To The Members of Samtel Color Limited
Report On the Financial Statements
We have audited the accompanying Financial Statements of Samtel Color Limited ("the Company") which comprises the Balance Sheet as at 31st March, 2016, the Statement of Profit and Loss and the Cash Flow Statement for the year then ended, and a summary of the significant accounting policies and other explanatory information.

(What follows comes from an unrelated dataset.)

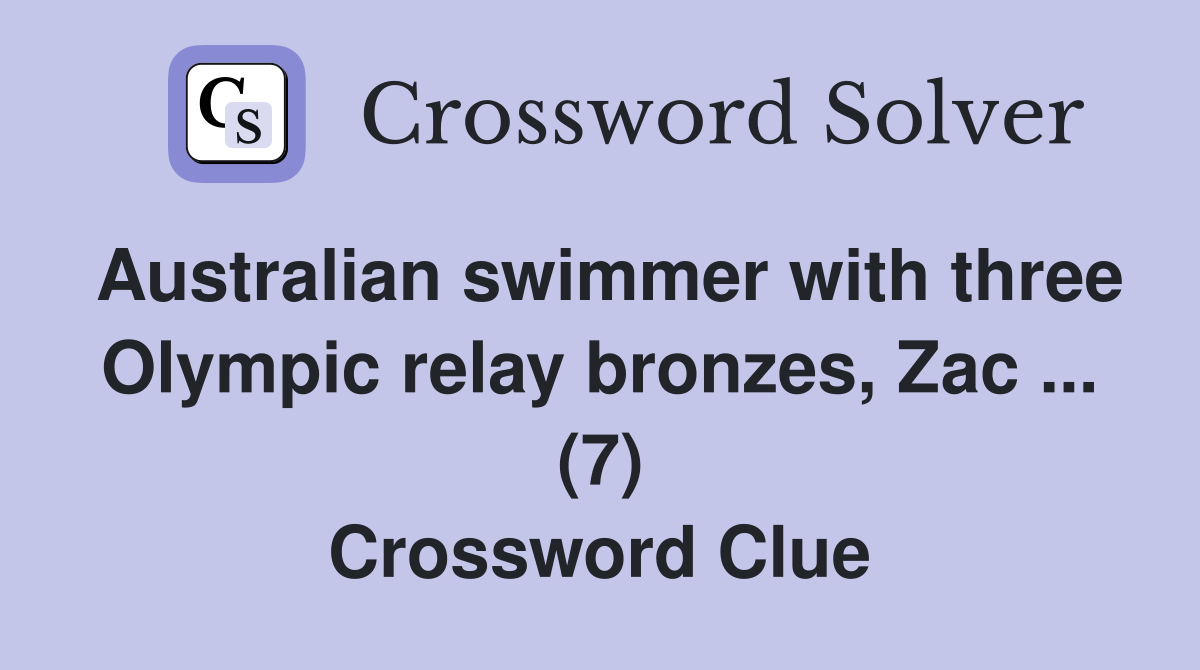 Australian swimmer with three Olympic relay bronzes, Zac ... (7) Crossword Clue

Managements Responsibility for the Financial Statements
The Companys Board of Directors is responsible for the matters stated in Section 134(5) of the Companies Act, 2013 ("the Act") with respect to the preparation of these financial statements that give a true and fair view of the financial position, financial performance and cash flows of the Company in accordance with the accounting principles generally accepted in India, including the Accounting Standards specified under section 133 of the Act, read with Rule 7 of the Companies (Accounts) Rules, 2014. This responsibility also includes maintenance of adequate accounting records in accordance with the provisions of the Act for safeguarding of the assets of the Company and for preventing and detecting frauds and other irregularities; selection and application of appropriate accounting policies; making judgments and estimates that are reasonable and prudent; and design, implementation, and maintenance of adequate internal financial controls that were operating effectively for ensuring the accuracy and completeness of the accounting records, relevant to the preparation and presentation of the financial statements that give a true and fair view and are free from material misstatements, whether due to fraud or error.
Auditors Responsibility
Our responsibility is to express an opinion on these financial statements based on our audit.

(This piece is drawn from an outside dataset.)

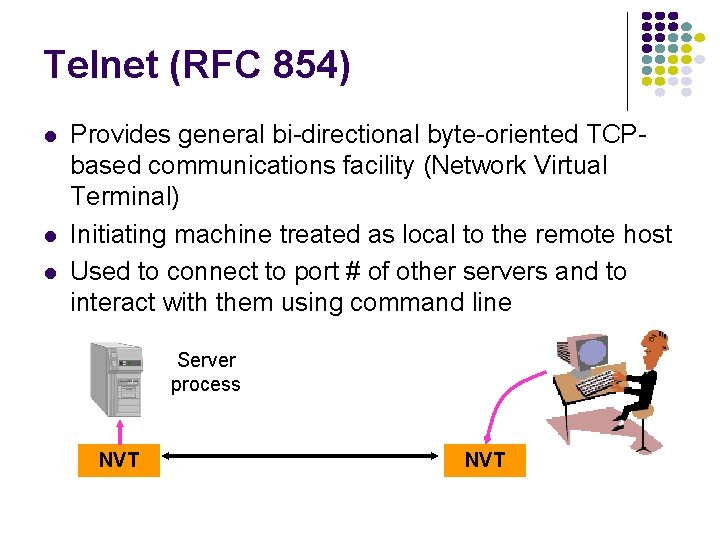 Telnet (RFC 854) Provides general bi-directional byte-oriented TCPbased communications facility (Network Virtual Terminal) Initiating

We have taken into account the provisions of the Act, the accounting and auditing standards and matters which are required to be included in the audit report under the provisions of the Act and the Rules made thereunder.
We conducted our audit in accordance with the Standards on Auditing specified under section 143(10) of the Act. Those Standards require that we comply with ethical requirements and plan and perform the audit to obtain reasonable assurance about whether the financial statements are free from material misstatement
An audit involves performing procedures to obtain audit evidence about the amounts and disclosures in the financial statements. The procedures selected depend on the auditors judgment, including the assessment of the risks of the material misstatement of the financial statements, whether due to error or fraud. In making those risk assessments, the auditor considers internal control relevant to the Companys preparation of the financial statements that give a true and fair view in order to design audit procedures that are appropriate in the circumstances. An audit also includes evaluating the appropriateness of accounting policies used and -reasonableness of the accounting estimates made by the companys directors as well as youre getting the oral presentation of the financial statement.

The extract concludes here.